GSA Annual Meeting in Seattle, Washington, USA - 2017

Paper No. 148-2
Presentation Time: 1:50 PM

LINKING MULTIPLE GOLD MINERALIZING EVENTS TO REACTIVATION OF CRUSTAL-SCALE FAULTS


FIELDING, Imogen O.H.1, JOHNSON, Simon P.2, ZI, Jian-wei1, SHEPPARD, Stephen1 and RASMUSSEN, Birger1, (1)Department of Applied Geology, Curtin University, Kent Street, Bentley, WA 6102, Australia, (2)Geological Survey of Western Australia, Department of Mines and Petroleum, 100 Plain Street, East Perth, Perth, WA 6004, Australia, imogen.fielding@postgrad.curtin.edu.au

The distribution of gold deposits is often spatially associated with major mantle-tapping faults that act as pathways for mineralizing fluids during hydrothermal activity.
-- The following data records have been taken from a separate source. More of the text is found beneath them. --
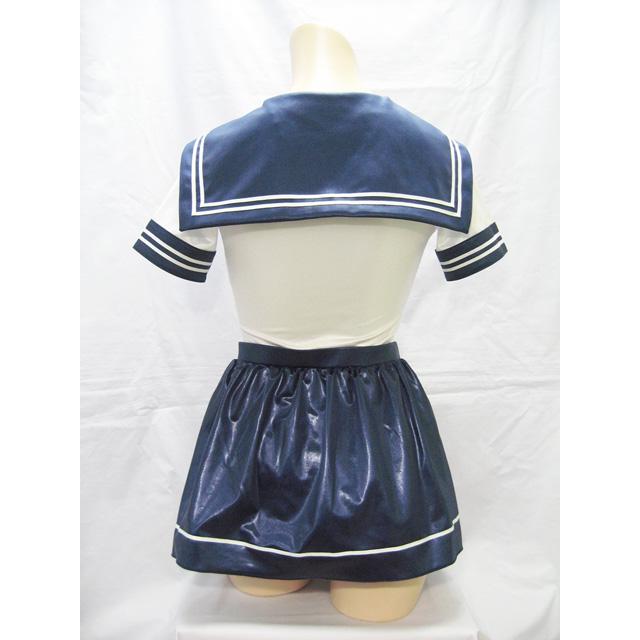 スーパーウェット素材セーラーカラースクール水着＆ライン入りスカートセット 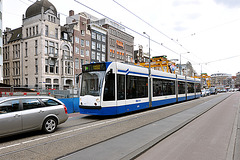 Tram in a traffic jam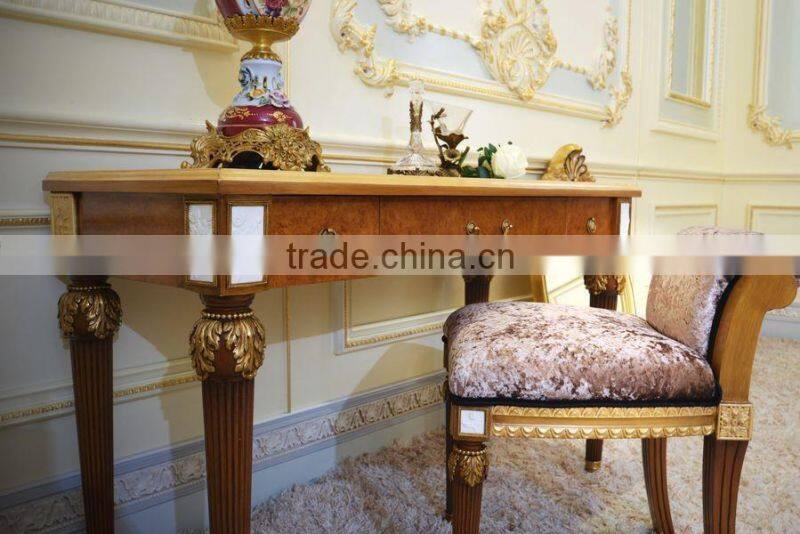 French Antique Bedroom Furniture Wooden Carved Nightstand/ Vintage Brown Bedside Table With Golden Carving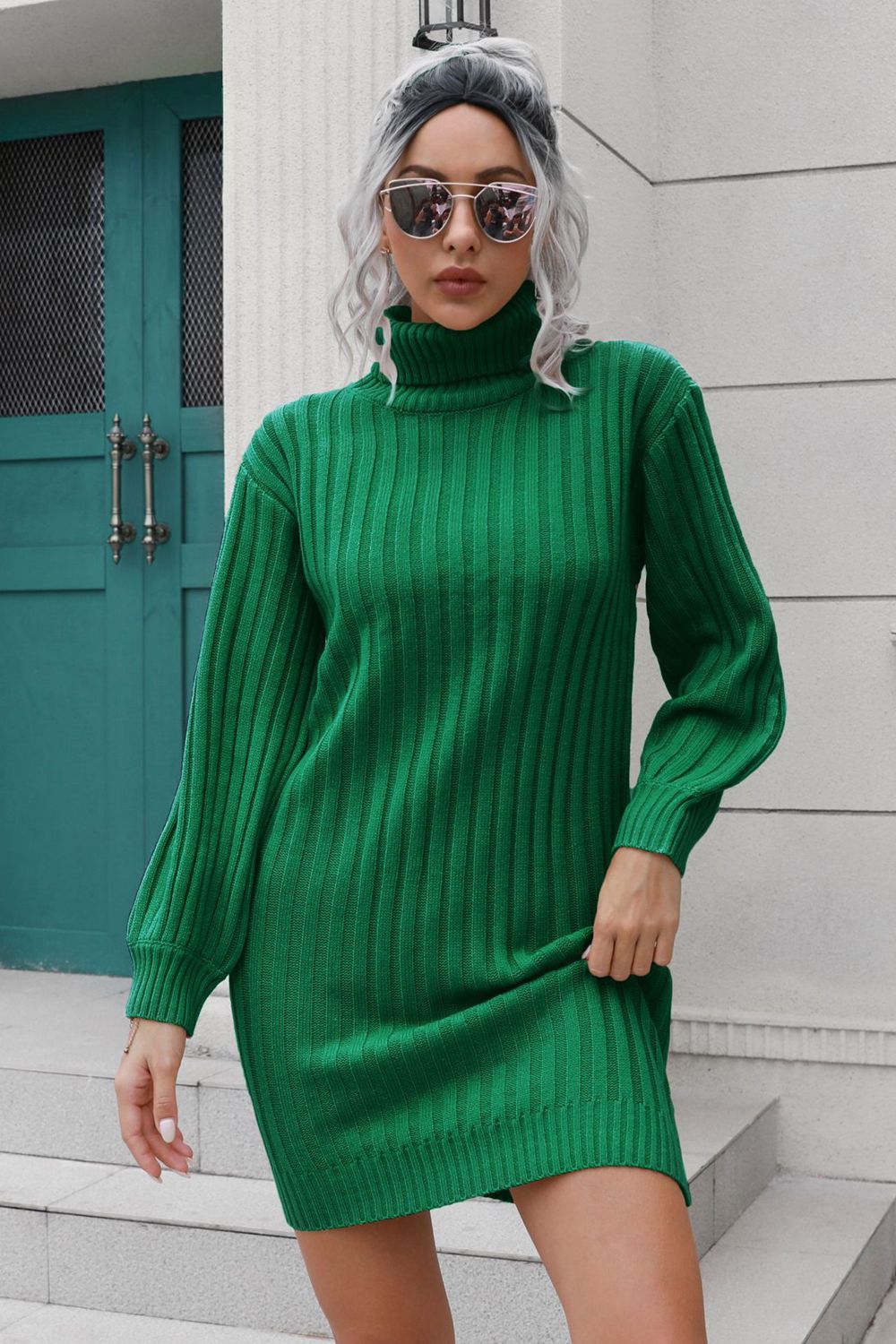 Ribbed Turtle Neck Long Sleeve Mini Sweater Dress 7921a1fb218e47518df4443598ebd6f0-Max Glownestbest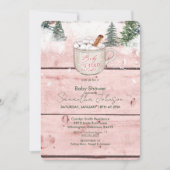 ホットチョコレートスノーベビー外は冷たいラウンド 招待状 (正面)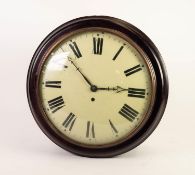 EARLY TWENTIETH CENTURY MAHOGANY CASED WALL CLOCK, the 12? Roman dial with domed glass and brass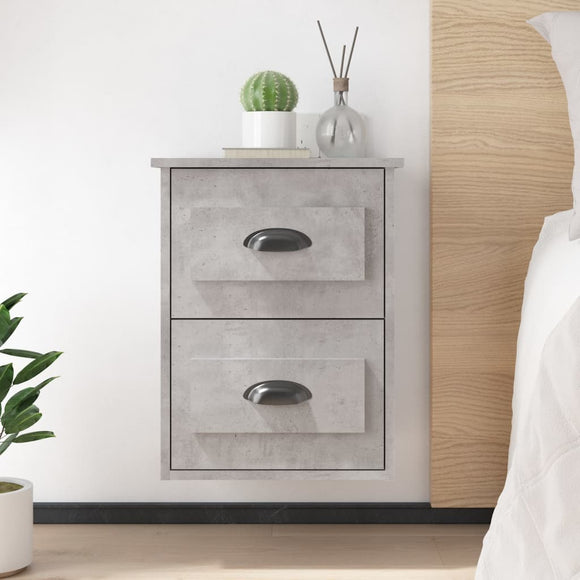 NNEVL Wall-mounted Bedside Cabinets 2 pcs Concrete Grey 41.5x36x53cm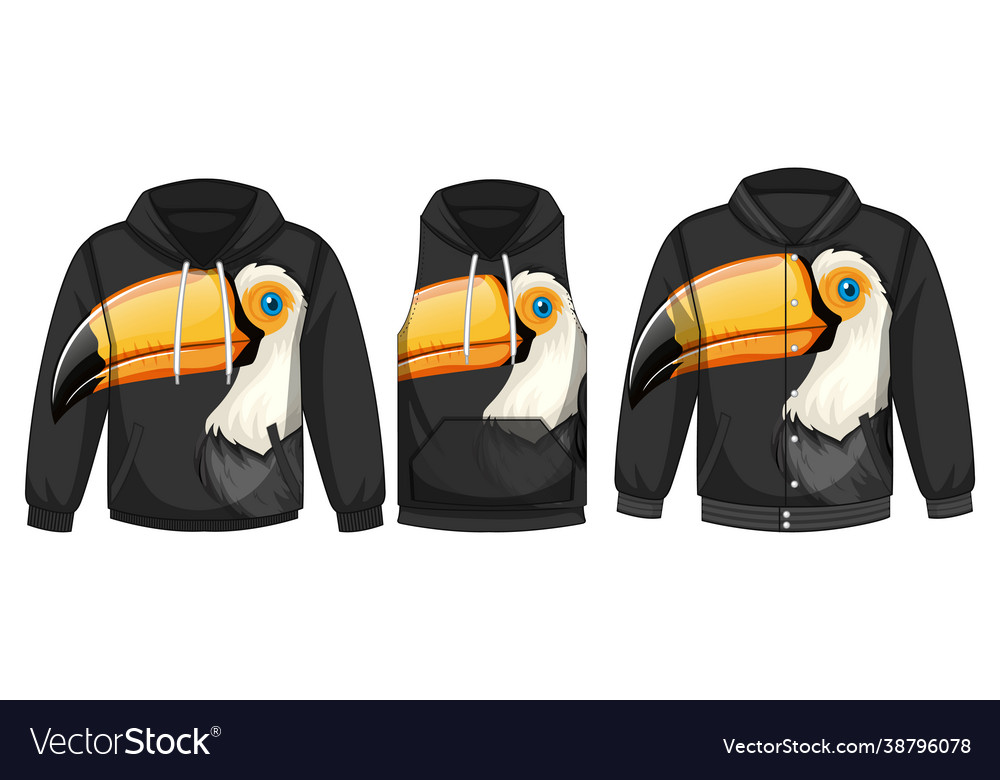 Set different jackets with toucan bird template vector image Set different jackets with toucan bird template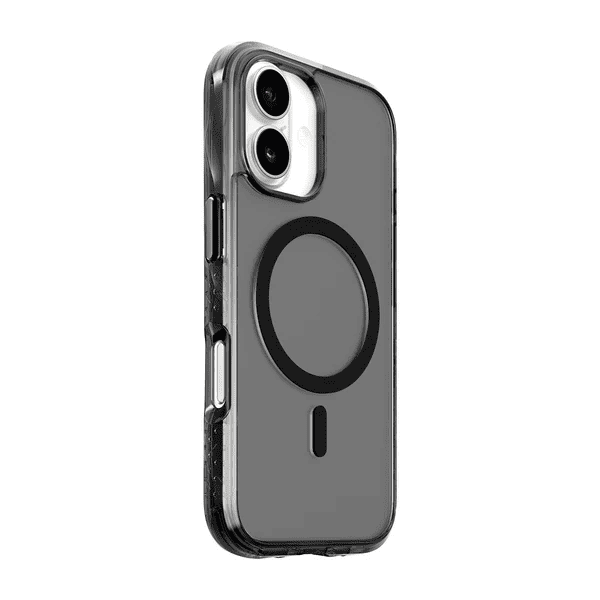 Back side profile showing the integrated button coverage of the Laut CRYSTAL MATTER X iPhone 17 Black Crystal case available at Tradeline Egypt.
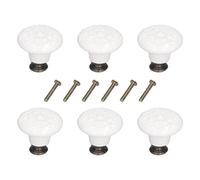 Fafeicy Perillas Redondas de Cerámica para Gabinete, Elegante Tirador, Fácil de Instalar, Diseño Exquisito para Cajones y Armarios, 1,3x1,2 Pulgadas para Uso Doméstico (1996 blanco)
However, the precise timing of gold mineralization is often poorly understood due to a lack of suitable geochronometers in hydrothermal ores and the ease with which many isotopic systems are reset during subsequent hydrothermal events. The Proterozoic Capricorn Orogen of Western Australia records the punctuated Proterozoic assembly of the Pilbara and Yilgarn Cratons, and over one billion years of subsequent intracratonic reworking. In the northern part of the Capricorn Orogen numerous gold deposits are spatially associated with mantle-tapping faults, such as the Nanjilgardy Fault. However, previously, the link between the timing of gold mineralization and fault (re)activation had not been established.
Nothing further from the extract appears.